Eric Wooldridge, licensed engineer and SCC associate professor of CAD/pre-engineering, said the IT department at the hospital was facing new regulations for prescription printing. The technology they had didn't quite fit right, causing the printers to jam. Tari Seefeldt, clinical applications director at LCRH, knew that SCC had 3D printing technology and thought it might be worth checking into before ordering new parts.
"She came to me on a Monday morning and we had a prototype printed up that afternoon," said Wooldridge. "The printers simply needed a small one-inch in diameter spacer to hold the paper roll in place and we were able to print them all in the lab."
Wooldridge said the piece of equipment saved the hospital money while also giving students real-world experience in problem-solving and printing.
The CAD department currently has three 3D printers and two more are on the way. The printers are fairly new to SCC, although Wooldridge said the technology has been around for a long time, just not in a user-friendly or cost-efficient manner.
"Roger Angevine (dean of applied technology at SCC) sent me a link about the technology in the summer of 2012 and we modified our Perkins Funding application to include printers," said Wooldridge. "The moment I saw it, I knew it was going to be a powerful technology."
Wooldridge said the technology has been around for about 15 to 20 years but previously has been very expensive, costing upwards of $10,000 plus materials.
"Now, the technology costs, on average, between $600 and $2,000 and is much more simple to use, uses common materials and is developed from open-source, competitive knowledge," said Wooldridge.
The technology also has gained more recognition through popular television shows such as Castle, Big Bang Theory, Elementary and Gray’s Anatomy, where the characters used a 3D printer to print an innovative solution to a transplant problem.

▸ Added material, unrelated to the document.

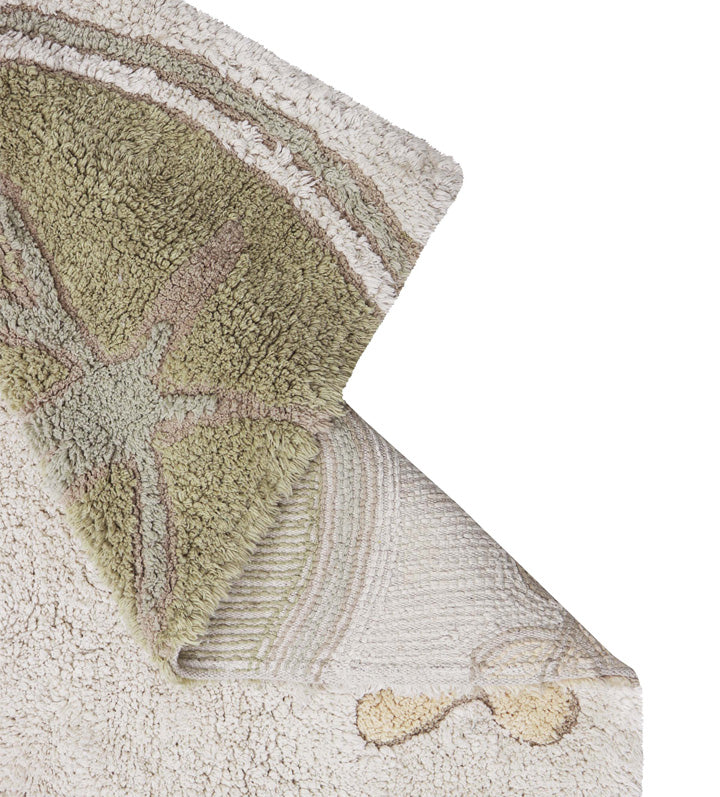 Maschinenwaschbarer Spielteppich von Lorena Canals – Botanische Fantasie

Emily Brannick, a current CAD student from Somerset, said she feels that knowing the technology will give her a leg up on competition as she looks for a job after she graduates in 2016.

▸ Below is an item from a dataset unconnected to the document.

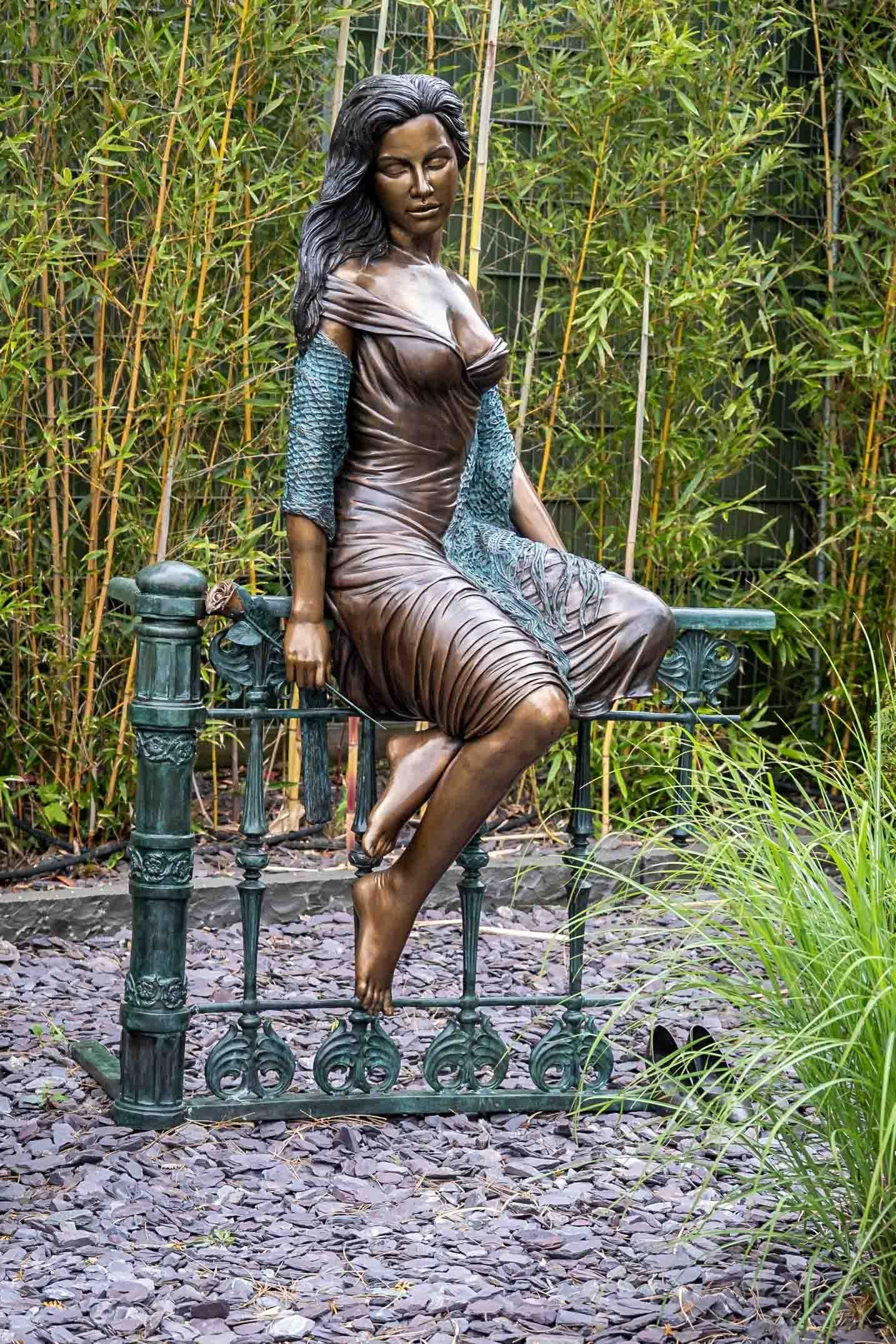 Gartenfigur IDYL Bronze-Skulptur Frau sitzend auf Zaun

"I hope to work for an architect or contractor as a designer," Brannick said. “Everything is switching to 3D technology and getting the chance to work with it on a daily basis here will help me be competitive."
Wooldridge said one of the biggest advantages for students at SCC is the ability to use it on an as-needed basis.

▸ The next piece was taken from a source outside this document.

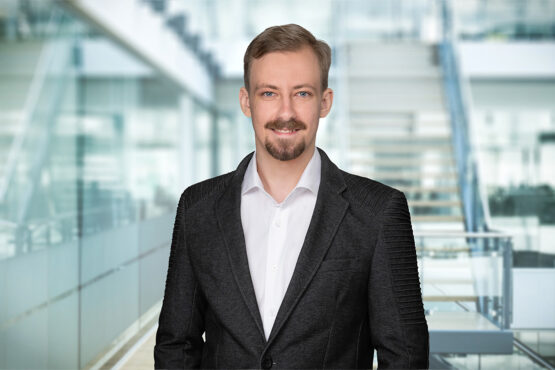 Dustin-Grassmann-555x370  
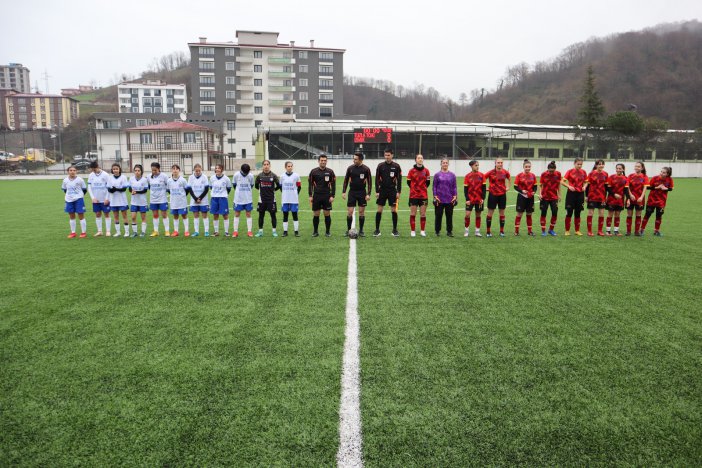 rize-kiz-futbol-1.jpg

"If you had the old technology, it was so expensive to use that students rarely got to touch it," he said. "Now, we use it freely in the classroom."
Wooldridge currently uses mostly plastics to print with; however, the next step is printing with ceramics, metals and composite wood.
"People are printing everything from lights to jewelry, artwork, circuits and even some flexible material," he said.
Wooldridge said the real-world applications for 3D printing are endless. For example, farmers could use the technology to print a piece for a tractor that has been discontinued or is hard to find.
"This is a big industry," Wooldridge said, citing the fact that the European Space Agency is developing the technology to build bases on planets in a matter of days, and that NASA is developing a printer to print pizza for astronauts in space.
"The possibilities are endless with this technology if you know how to use it or simply have access to someone who can," Wooldridge said.